= The task =
Please restate, word for word, the lines below that begin at the one with "Doğayla İç İçe, Modern" and end at the one with "113 Glades Dr, Rotonda West, FL 33947". Leave out all other lines.

= Data for this task =
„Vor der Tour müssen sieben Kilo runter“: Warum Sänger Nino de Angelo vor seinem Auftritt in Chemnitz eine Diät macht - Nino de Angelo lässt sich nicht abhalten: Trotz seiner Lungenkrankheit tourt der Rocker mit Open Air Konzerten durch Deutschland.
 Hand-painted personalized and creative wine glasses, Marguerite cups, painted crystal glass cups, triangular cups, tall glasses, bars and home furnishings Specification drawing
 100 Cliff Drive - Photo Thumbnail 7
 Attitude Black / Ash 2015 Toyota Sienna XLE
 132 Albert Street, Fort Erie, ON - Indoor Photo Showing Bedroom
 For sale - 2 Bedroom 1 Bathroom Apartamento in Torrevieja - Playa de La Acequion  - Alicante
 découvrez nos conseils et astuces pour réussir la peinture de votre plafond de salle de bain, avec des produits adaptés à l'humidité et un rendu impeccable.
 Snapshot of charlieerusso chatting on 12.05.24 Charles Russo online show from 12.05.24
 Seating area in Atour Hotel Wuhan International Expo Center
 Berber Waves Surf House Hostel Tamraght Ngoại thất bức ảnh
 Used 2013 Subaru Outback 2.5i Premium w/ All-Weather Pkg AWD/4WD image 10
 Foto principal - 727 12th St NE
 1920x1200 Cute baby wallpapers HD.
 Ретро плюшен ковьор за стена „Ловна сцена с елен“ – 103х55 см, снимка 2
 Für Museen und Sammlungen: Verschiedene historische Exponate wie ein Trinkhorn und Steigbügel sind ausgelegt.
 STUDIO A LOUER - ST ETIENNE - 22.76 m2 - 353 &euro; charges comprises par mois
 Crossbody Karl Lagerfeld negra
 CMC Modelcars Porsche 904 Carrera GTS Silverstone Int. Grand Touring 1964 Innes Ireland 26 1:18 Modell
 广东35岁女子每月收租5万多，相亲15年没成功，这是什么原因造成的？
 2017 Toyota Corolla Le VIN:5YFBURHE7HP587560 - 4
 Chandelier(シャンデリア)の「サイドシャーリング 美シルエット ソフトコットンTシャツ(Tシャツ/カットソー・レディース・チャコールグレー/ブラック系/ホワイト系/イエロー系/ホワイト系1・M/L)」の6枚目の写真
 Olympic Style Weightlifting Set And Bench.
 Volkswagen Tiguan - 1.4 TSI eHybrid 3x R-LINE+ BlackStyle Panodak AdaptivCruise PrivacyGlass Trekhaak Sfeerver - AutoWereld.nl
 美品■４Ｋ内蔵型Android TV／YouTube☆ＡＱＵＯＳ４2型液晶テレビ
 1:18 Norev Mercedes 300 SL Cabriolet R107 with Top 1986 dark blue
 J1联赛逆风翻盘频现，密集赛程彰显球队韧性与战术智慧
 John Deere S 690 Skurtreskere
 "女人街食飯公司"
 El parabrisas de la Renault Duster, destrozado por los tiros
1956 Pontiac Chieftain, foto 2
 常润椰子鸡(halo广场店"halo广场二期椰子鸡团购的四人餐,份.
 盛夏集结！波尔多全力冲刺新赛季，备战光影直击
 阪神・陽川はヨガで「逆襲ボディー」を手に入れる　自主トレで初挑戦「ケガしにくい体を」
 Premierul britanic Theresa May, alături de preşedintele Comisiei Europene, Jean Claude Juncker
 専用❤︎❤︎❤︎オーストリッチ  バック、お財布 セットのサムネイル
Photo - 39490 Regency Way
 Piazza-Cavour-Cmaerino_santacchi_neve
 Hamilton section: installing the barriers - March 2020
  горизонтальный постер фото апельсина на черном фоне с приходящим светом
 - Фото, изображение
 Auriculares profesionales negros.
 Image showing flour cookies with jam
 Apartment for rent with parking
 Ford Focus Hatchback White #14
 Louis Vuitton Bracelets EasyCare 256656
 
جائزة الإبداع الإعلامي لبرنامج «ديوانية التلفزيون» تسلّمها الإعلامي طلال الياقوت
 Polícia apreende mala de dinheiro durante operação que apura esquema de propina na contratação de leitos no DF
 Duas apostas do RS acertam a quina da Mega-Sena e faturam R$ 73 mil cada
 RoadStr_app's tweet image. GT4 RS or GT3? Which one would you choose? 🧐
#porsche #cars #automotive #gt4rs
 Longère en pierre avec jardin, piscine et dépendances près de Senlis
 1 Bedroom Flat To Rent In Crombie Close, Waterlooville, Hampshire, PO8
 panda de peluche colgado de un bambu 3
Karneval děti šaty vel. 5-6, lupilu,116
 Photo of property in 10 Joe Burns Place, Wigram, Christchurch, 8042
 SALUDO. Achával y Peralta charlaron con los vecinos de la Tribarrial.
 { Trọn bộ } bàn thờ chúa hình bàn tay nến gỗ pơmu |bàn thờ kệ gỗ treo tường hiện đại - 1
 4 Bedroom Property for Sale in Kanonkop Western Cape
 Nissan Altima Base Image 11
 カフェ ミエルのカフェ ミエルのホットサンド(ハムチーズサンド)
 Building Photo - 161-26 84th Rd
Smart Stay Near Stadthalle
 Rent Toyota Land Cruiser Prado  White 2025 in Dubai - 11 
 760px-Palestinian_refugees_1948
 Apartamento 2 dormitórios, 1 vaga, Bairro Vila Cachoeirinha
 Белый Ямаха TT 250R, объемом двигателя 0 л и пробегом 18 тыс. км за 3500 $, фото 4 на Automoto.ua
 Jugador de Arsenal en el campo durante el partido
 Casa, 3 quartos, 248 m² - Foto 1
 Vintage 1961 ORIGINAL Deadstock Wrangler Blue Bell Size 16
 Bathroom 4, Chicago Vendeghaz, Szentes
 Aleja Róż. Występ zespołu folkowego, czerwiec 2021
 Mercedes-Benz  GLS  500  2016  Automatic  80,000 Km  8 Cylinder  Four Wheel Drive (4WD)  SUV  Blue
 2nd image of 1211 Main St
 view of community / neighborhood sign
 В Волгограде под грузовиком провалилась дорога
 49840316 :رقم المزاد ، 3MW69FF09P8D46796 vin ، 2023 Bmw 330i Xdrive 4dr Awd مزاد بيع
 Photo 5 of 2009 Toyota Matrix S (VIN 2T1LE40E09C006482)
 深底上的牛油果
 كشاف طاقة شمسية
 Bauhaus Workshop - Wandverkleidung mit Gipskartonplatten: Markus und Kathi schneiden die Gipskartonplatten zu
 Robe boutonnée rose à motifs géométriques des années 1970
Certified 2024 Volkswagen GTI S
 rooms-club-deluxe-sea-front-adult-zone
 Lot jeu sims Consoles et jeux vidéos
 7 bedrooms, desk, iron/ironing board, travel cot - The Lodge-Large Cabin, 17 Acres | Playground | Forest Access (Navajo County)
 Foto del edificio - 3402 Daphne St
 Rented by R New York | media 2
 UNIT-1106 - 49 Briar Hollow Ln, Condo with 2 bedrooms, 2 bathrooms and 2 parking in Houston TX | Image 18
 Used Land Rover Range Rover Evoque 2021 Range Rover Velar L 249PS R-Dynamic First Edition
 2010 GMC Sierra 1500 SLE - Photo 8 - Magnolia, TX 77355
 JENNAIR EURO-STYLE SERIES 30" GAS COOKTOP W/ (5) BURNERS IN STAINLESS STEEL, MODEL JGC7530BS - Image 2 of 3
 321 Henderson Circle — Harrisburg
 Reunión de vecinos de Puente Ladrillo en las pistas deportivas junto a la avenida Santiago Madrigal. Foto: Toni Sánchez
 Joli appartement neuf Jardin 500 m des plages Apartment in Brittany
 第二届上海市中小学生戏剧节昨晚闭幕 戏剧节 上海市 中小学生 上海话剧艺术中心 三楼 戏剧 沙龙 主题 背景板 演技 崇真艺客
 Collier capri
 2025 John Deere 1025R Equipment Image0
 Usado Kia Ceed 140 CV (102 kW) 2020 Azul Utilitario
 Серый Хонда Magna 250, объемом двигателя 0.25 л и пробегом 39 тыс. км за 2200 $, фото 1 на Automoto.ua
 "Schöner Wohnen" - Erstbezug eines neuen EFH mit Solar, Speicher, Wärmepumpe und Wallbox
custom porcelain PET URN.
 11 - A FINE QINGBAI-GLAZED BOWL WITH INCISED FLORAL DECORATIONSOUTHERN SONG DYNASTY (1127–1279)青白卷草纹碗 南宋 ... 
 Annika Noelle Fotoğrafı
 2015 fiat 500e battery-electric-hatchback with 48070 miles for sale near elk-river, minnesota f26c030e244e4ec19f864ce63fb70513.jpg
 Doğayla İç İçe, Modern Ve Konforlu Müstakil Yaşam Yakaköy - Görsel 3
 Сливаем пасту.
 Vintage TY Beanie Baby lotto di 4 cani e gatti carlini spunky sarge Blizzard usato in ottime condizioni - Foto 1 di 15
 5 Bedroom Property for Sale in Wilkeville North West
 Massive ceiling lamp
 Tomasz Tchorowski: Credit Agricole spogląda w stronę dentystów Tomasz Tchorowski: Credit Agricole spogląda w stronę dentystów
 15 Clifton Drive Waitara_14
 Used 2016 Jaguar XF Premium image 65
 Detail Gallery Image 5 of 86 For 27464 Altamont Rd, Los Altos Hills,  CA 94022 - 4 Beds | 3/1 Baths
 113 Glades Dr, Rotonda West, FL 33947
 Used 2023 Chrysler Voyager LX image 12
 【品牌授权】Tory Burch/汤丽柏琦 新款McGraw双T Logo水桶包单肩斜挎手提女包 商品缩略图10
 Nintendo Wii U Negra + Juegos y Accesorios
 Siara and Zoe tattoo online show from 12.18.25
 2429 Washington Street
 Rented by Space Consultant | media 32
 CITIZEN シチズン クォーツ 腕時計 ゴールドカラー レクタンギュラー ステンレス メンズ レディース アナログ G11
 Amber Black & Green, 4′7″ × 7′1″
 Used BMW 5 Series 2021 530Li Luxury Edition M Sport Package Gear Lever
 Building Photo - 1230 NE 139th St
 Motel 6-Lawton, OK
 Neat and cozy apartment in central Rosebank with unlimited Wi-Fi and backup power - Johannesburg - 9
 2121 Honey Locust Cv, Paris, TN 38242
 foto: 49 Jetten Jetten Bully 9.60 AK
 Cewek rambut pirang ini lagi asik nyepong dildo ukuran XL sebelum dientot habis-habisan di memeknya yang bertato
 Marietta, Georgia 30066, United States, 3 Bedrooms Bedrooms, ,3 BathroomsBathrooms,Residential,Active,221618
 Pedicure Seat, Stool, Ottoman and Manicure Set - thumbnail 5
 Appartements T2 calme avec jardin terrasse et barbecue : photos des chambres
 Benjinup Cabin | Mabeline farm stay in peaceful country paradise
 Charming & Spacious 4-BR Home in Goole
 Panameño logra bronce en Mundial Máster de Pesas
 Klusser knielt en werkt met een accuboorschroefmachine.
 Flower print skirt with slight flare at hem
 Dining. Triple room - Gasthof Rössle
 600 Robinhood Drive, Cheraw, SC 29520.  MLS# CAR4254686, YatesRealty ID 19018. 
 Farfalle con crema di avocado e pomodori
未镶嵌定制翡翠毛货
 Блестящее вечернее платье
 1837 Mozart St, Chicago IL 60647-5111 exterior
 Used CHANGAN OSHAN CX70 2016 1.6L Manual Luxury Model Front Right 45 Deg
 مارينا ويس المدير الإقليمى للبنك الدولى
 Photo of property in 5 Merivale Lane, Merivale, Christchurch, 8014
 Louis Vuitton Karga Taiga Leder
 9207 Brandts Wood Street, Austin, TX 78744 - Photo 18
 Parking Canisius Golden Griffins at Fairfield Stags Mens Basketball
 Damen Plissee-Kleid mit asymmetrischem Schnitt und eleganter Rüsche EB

= Answer to this problem =
 Doğayla İç İçe, Modern Ve Konforlu Müstakil Yaşam Yakaköy - Görsel 3
 Сливаем пасту.
 Vintage TY Beanie Baby lotto di 4 cani e gatti carlini spunky sarge Blizzard usato in ottime condizioni - Foto 1 di 15
 5 Bedroom Property for Sale in Wilkeville North West
 Massive ceiling lamp
 Tomasz Tchorowski: Credit Agricole spogląda w stronę dentystów Tomasz Tchorowski: Credit Agricole spogląda w stronę dentystów
 15 Clifton Drive Waitara_14
 Used 2016 Jaguar XF Premium image 65
 Detail Gallery Image 5 of 86 For 27464 Altamont Rd, Los Altos Hills,  CA 94022 - 4 Beds | 3/1 Baths
 113 Glades Dr, Rotonda West, FL 33947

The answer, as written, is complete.